EXERCISE DATA.
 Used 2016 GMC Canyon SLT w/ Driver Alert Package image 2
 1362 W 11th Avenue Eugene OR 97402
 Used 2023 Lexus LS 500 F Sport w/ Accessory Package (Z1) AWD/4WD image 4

==

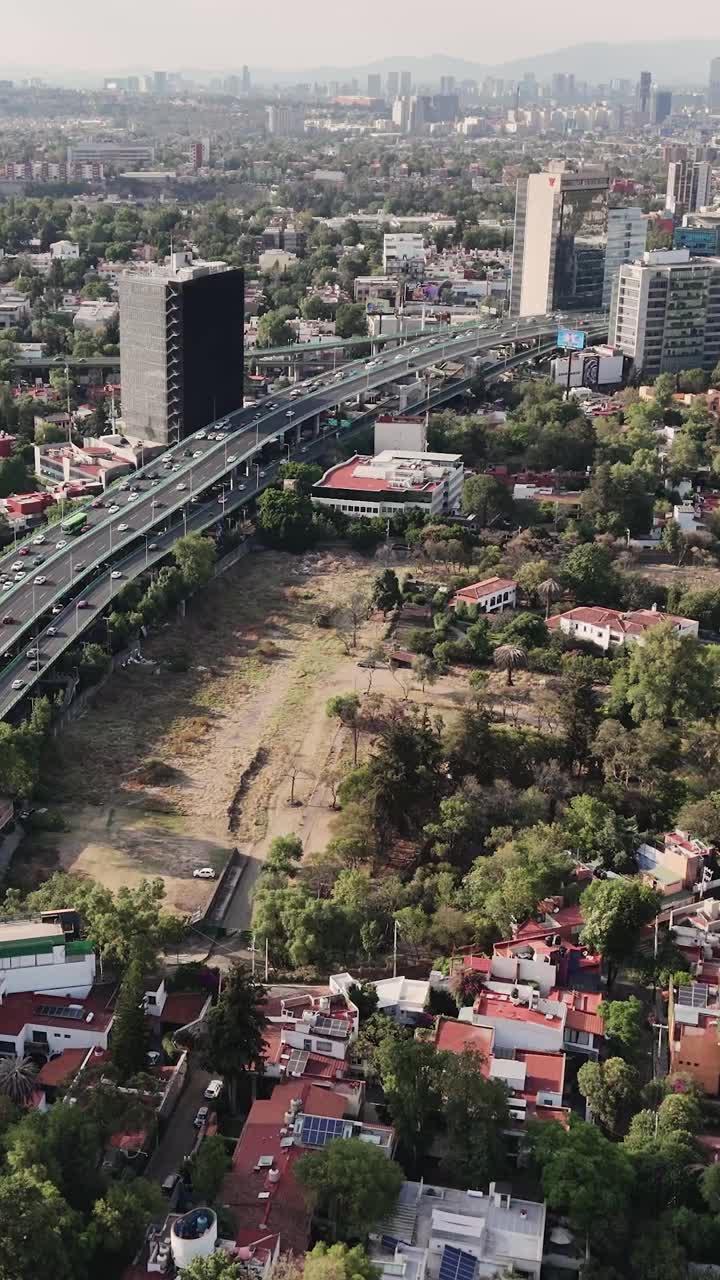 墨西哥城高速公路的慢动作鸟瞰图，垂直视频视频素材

---

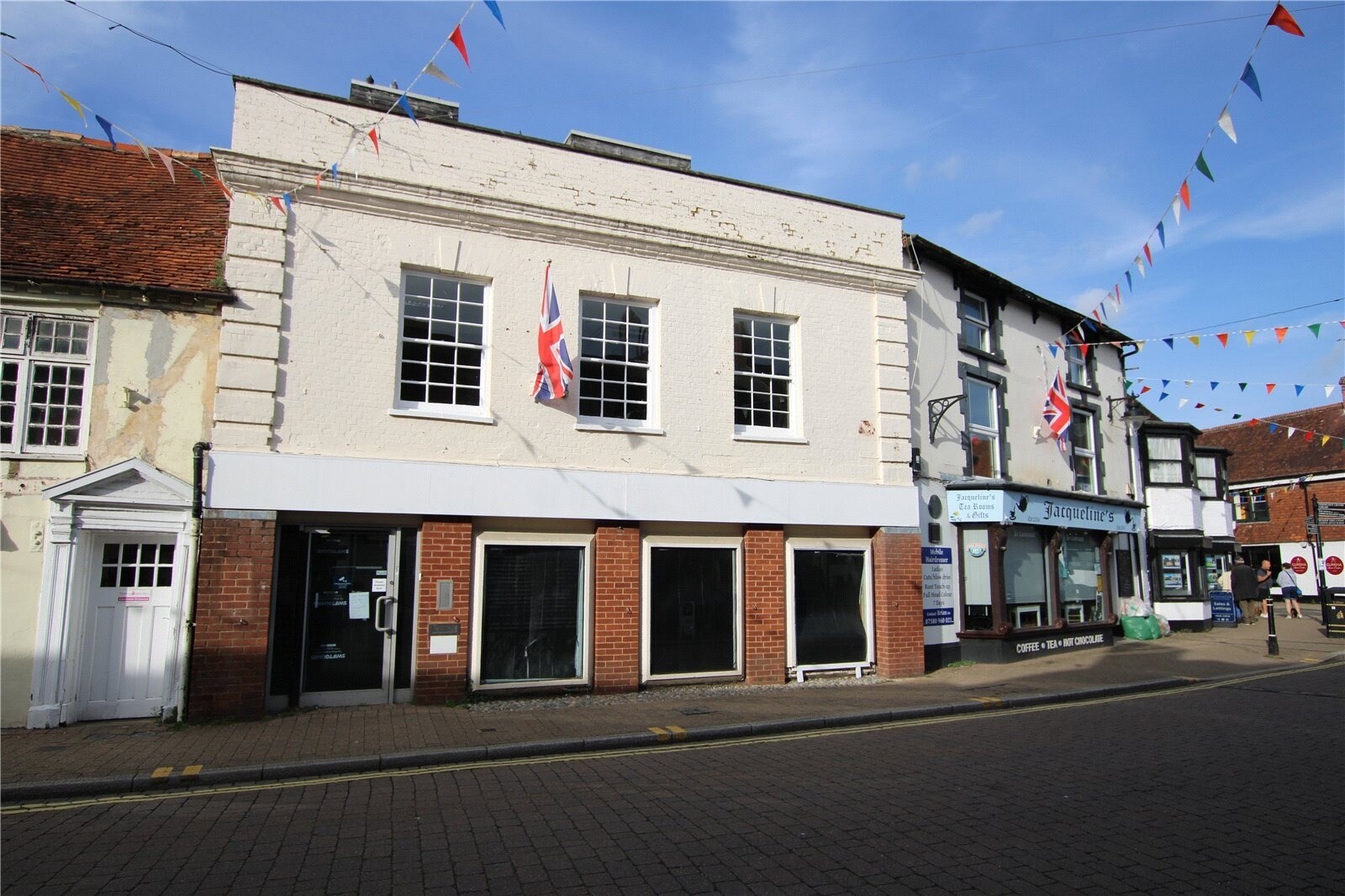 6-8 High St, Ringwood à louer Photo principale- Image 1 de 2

EXERCISE GOAL. Set down, unchanged, only those lines above that fall between the line with "1362 W 11th Avenue Eugene OR 97402" and the line with "Used 2023 Lexus", the two end lines included.

SOLUTION FOR THIS PROBLEM.
 1362 W 11th Avenue Eugene OR 97402
 Used 2023 Lexus LS 500 F Sport w/ Accessory Package (Z1) AWD/4WD image 4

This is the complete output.